September 06, 2017 10:00 AM
 | 
Teresa Parker-Farris newwave@tulane.edu
  

Unfamiliar Again: Contemporary Women Abstractionists runs Aug. 24 through Dec. 23, 2017, in the Newcomb Art Museum. (Photo by Jefferey Johnston)

 

The Newcomb Art Museum opened its first exhibition of the fall semester this week, Unfamiliar Again: Contemporary Women Abstractionists.

Honoring the Newcomb College legacy of focusing on women artists, the exhibition features the work of Rachel Beach, Morgan Blair, Amy Ellingson, Brittany Nelson, Alyse Rosner, Barbara Takenaga and Anne Vieux. Their works defamiliarize common imagery, resisting easy comprehension.

“This is a timely exhibition with major institutions such as the Denver Art Museum and New York’s Museum of Modern Art increasingly looking at women abstractionists,” said museum director Monica Ramirez-Montagut.

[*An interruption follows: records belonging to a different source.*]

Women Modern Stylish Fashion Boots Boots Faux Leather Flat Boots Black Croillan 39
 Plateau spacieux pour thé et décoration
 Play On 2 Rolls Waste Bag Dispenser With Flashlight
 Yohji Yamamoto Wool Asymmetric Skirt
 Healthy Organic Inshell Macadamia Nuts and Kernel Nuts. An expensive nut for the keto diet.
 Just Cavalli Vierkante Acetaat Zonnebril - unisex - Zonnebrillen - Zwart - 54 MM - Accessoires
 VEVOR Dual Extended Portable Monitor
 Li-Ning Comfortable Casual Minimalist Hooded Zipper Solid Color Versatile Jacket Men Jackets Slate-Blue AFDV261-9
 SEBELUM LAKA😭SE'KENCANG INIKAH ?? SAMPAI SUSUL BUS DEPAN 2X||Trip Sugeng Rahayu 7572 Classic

“By devoting themselves to process, these artists experience revelation in the deliberate progression of steps of creative expression.”

Monica Ramirez-Montagut

Such examinations “offer a critical counterbalance to the longstanding narrative of male artists working within the abstract tradition.” 

Newcomb’s inclusion of contemporary women artists from across the U.S. — whether established, mid-career or emerging — and a focus on creative process distinguish Unfamiliar Again. Other recent museum shows have primarily showcased the aesthetic, or formal qualities of works, many created a half a century ago.

The methods of the exhibition’s artists are nuanced, time-intensive and often drawn from unlikely modernized sources. These include “DIY” videos on YouTube, Photoshop errors, digital distortions, smart phone apps and manipulated or synthetic materials such as scanned iridescent paper or faux-suede finishes.

“By devoting themselves to process, these artists experience revelation in the deliberate progression of steps of creative expression,” said Ramirez-Montagut. “Yet such discovery may remain elusive for viewers as the artists encourage inquiry rather than providing immediate answers.”

The exhibition runs Aug. 24 through Dec. 23, 2017.